The universe is a dynamic, ever-changing place where galaxies are dancing, merging together, and shifting appearance. Unfortunately, because these changes take millions or billions of years, telescopes can only provide snapshots, squeezed into a human lifetime.

However, galaxies leave behind clues to their history and how they came to be. NASA’s upcoming Nancy Grace Roman Space Telescope will have the capacity to look for these fossils of galaxy formation with high-resolution imaging of galaxies in the nearby universe.

Astronomers, through a grant from NASA, are designing a set of possible observations called RINGS (the Roman Infrared Nearby Galaxies Survey) that would collect these remarkable images, and the team is producing publicly available tools that the astronomy community can use once Roman launches and starts taking data. The RINGS survey is a preliminary concept that may or may not be implemented during Roman’s science mission.
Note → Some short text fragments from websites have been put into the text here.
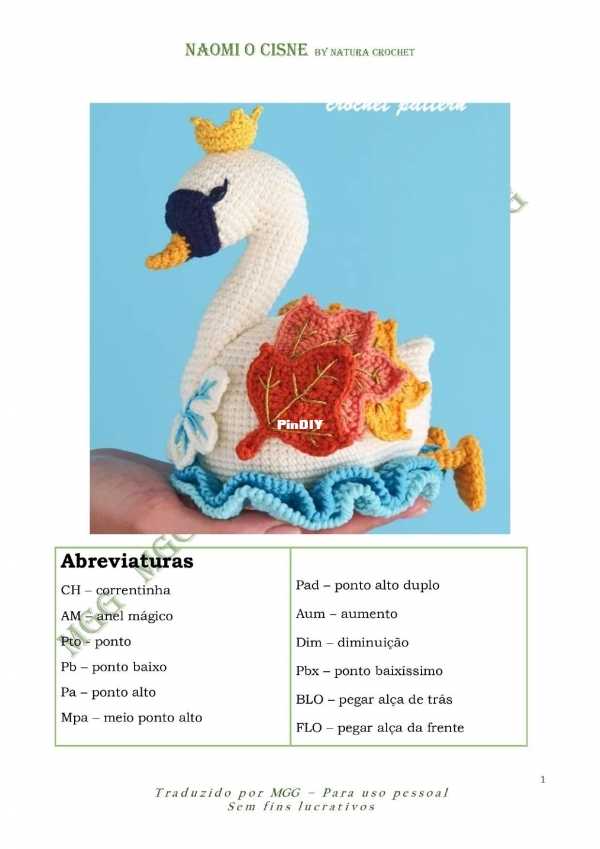 Natura Crochet - Natasha Tischenko - Naomi the Swan - Naomi, O cisne - Portuguese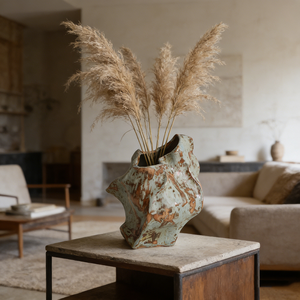 <span class=keywords><strong>Vase</strong></span> en céramique Wabi-Sabi irrégulier, vert rustique et marron texturé, pour herbe de la <span class=keywords><strong>pampa</strong></span> séchée, <span class=keywords><strong>vase</strong></span> en grès fait main, Art Déco - Product Image 1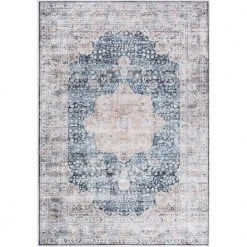 Paloma Blue 6 ft. x 9 ft. Oriental Polyester Area Rug by Abani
Roman is uniquely prepared for RINGS due to its resolution akin to NASA’s Hubble Space Telescope and its wide field of view – 200 times that of Hubble in the infrared – making it a sky survey telescope that complements Hubble’s narrow-field capabilities.

Galactic Archaeologists

Scientists can only look at brief instances in the lives of evolving galaxies that eventually lead to the fully formed galaxies around us today. As a result, galaxy formation can be difficult to track.

Luckily, galaxies leave behind hints of their evolution in their stellar structures, almost like how organisms on Earth can leave behind imprints in rock. These galactic “fossils” are groups of ancient stars that hold the history of the galaxy’s formation and evolution, including the chemistry of the galaxy when those stars formed.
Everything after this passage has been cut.